Other than Mookie Betts at center field, nobody was showing much consistency with the bat or the glove in right field or in left. Hanley Ramirez‘s injury woes followed him from the Los Angeles Dodgers; Rusney Castillo and Jackie Bradley Jr. spent much of the season in Triple-A Pawtucket; Shane Victorino and Daniel Nava could not seem to fill the void, hence Victorino being traded a month earlier; and Brock Holt was needed to help out in the infield, as veteran leader Dustin Pedroia has been sidelined from second base for months with an injury.
De Aza helped give the Red Sox outfield some consistency and veteran leadership, while Boston waited for the young talent to find their way back to the fold. De Aza played 60 games for Boston, hitting four home runs, 25 RBIs, and a slash line of .292/.347/.484. He played left field 33 times, 19 were starts and 14 were substitutions for either Ramirez getting injured or the fact that they just didn’t trust Han-Ram’s glove in close games. De Aza also played right field 24 times, 21 being starts. Both positions were played perfectly, at least according to his fielding percentages. You never felt nervous when the ball would be hit sharply to De Aza, as he handled everything like a solid outfielder would. Nothing highlight-reel worthy, but that’s not why he was brought in to the team in the first place.
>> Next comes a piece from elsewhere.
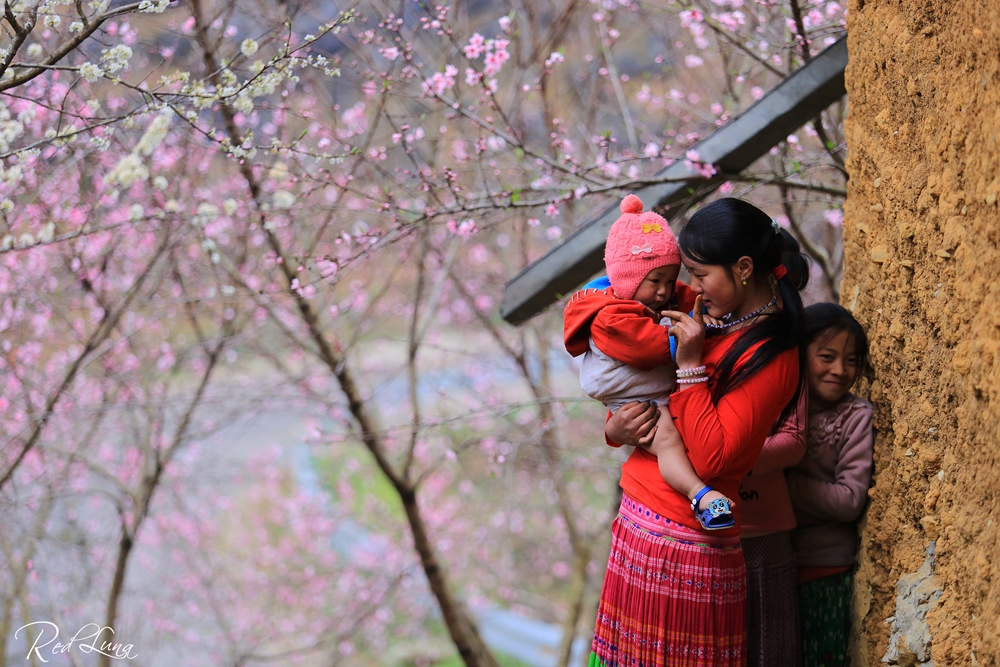 Một góc gia đình người Mông ở Đồng Văn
Pat Bradley of NESN reported about the trade, and gave the rundown regarding Ysla:
"“The 23-year-old will report to High-A Salem. He pitched for San Francisco’s High-A affiliate in San Jose, going 3-6 with a 6.21 ERA in 33 games, including nine starts. In his last 18 relief appearances, Ysla has a 3.65 ERA with 47 strikeouts. He’s struck out 95 batters in 79.2 innings, good for a 10.7 K/9 ratio. Ysla earned postseason All-Star honors in each of his first two minor league seasons with the rookie-level Arizona League Giants in 2013 and Single-A Augusta in 2014. He combined to go 10-7 with a 2.51 ERA in 36 outings, 35 of which were starts.”"
With De Aza and cash going to the Giants, Dave Dombrowski, Boston’s president of baseball operations, must think pretty highly of the young lefty pitcher. Dombrowski didn’t even wait to hire a new general manager to take care of the day-to-day legwork for the deal, not that he needed to do so.
Lefty pitchers are always a great commodity, especially when you play in the American League East, where teams like the New York Yankees seem to have lefty bats all over their lineups. It’s not like the Red Sox were going to get a starter for De Aza, and they were motivated to sell their asset for as much as they could get with his contract was coming to an end after the regular season. Getting a young pitcher seems logical. Ysla doesn’t seem like he’s setting the world on fire with his play, but his consistency to strike out batters at a high rate is a fair comparison to De Aza’s own consistent play.
What Red Sox Nation should remember about De Aza is how hard he played for them. Every at-bat, even if he got out, was a tough-fought battle with the opposing pitcher. He took many plate appearances for many full counts and would also spoil many good pitches into foul territory, extending the pitch count so that the starter would have to leave the game earlier than usual. That was Red Sox manager John Farrell‘s openly-publicized strategy, which De Aza executed each time that he was given a chance.
Good luck, De Aza. Hopefully, you find a home in San Francisco, or another team next season, and settle down, without another trade to worry about. Fenway’s memories of you are all good ones.